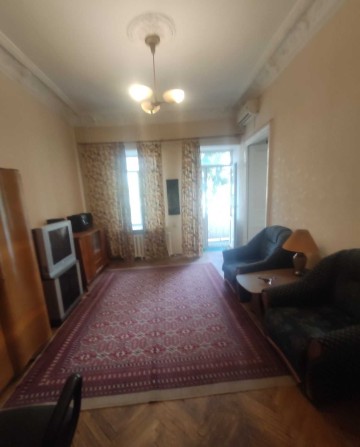 В продаже 3 ком хорошее состояние, средний этаж, крепкий дом , Центр . - фото 1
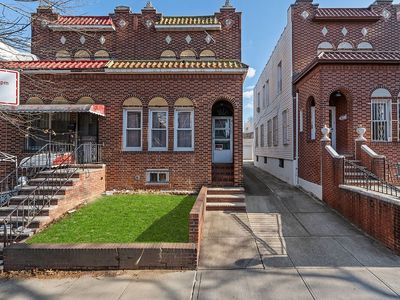30-33 83rd St, East Elmhurst, NY, 11370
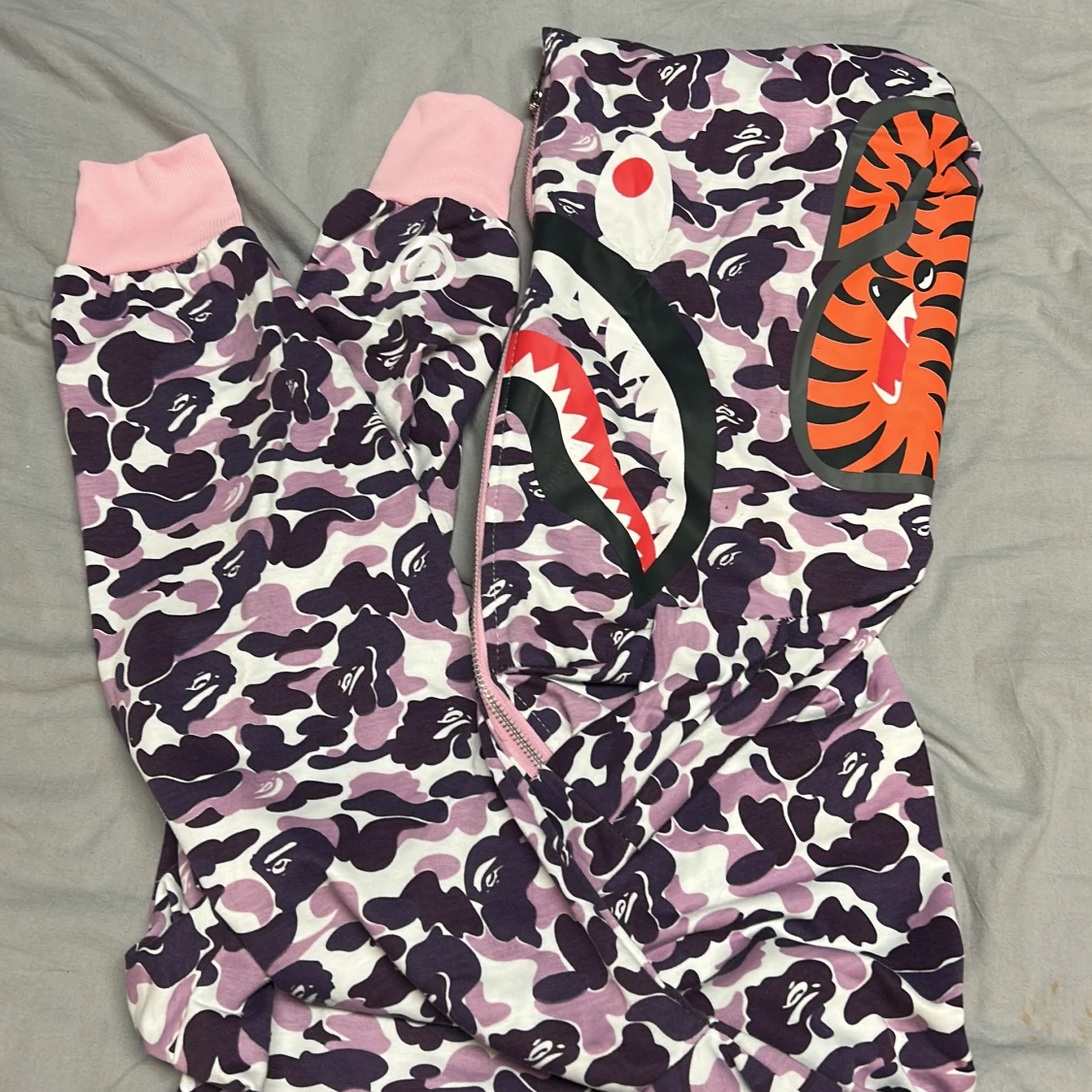Bape hoodie 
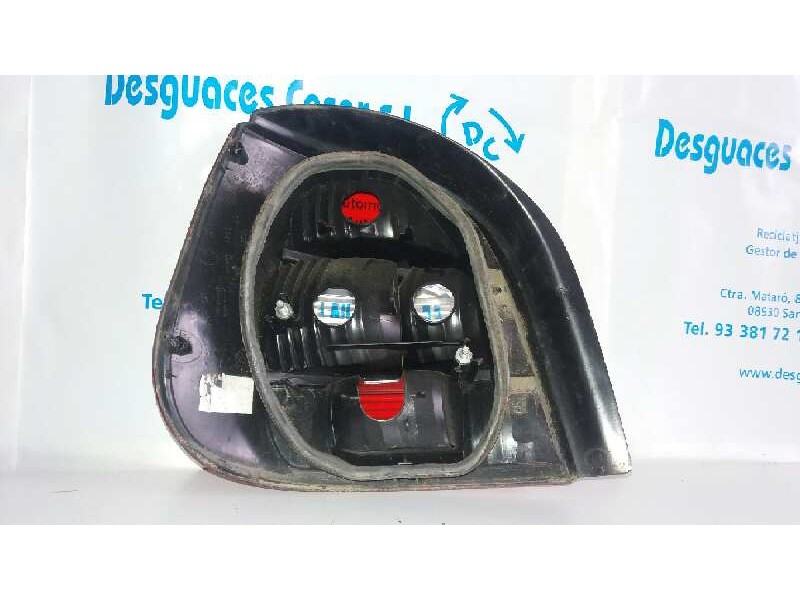 Recambio de piloto trasero derecho para renault scenic (ja..) 1.9 dci century referencia OEM IAM 2341  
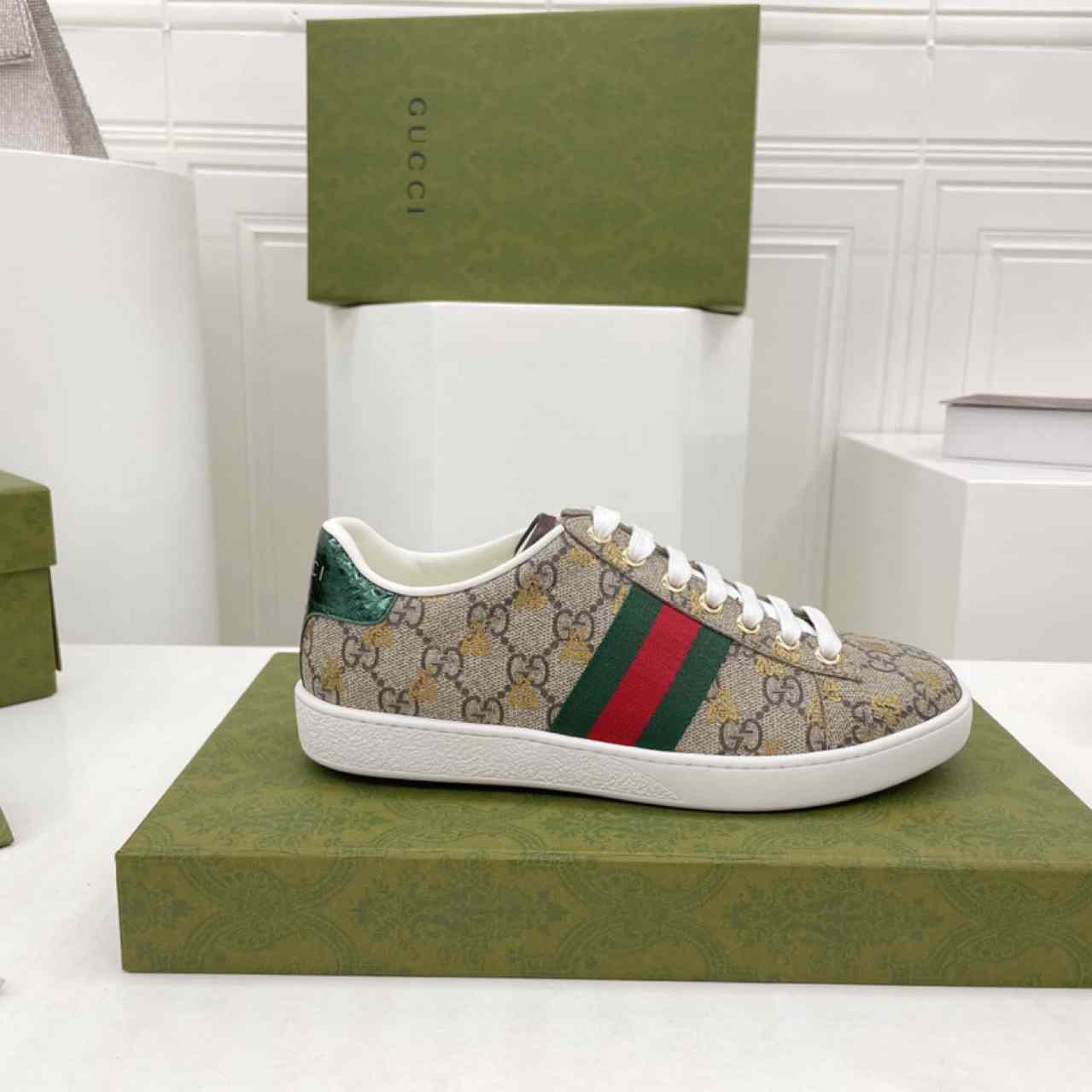 Gucci Ace GG Supreme Bees Sneaker - PerfectKickZ
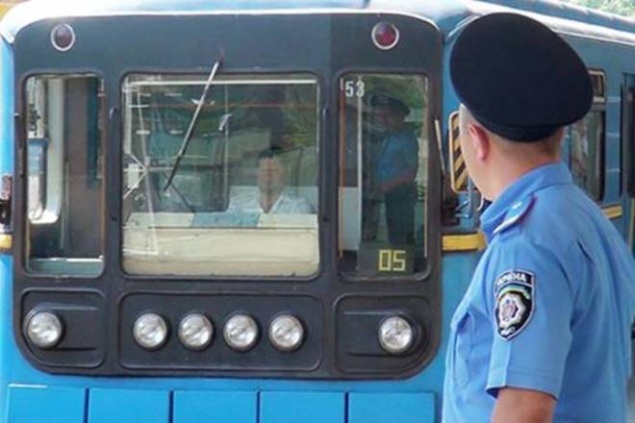 Киевский метрополитен платит миллионы госпредприятию за охрану на станциях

**WORK INSTRUCTION**
Exactly as written, restate the lines from the one that contains "Gucci Ace GG" through the final line of the data, both ends included, but leave out the pictures.

**TASK RESULT**
 Gucci Ace GG Supreme Bees Sneaker - PerfectKickZ
 Киевский метрополитен платит миллионы госпредприятию за охрану на станциях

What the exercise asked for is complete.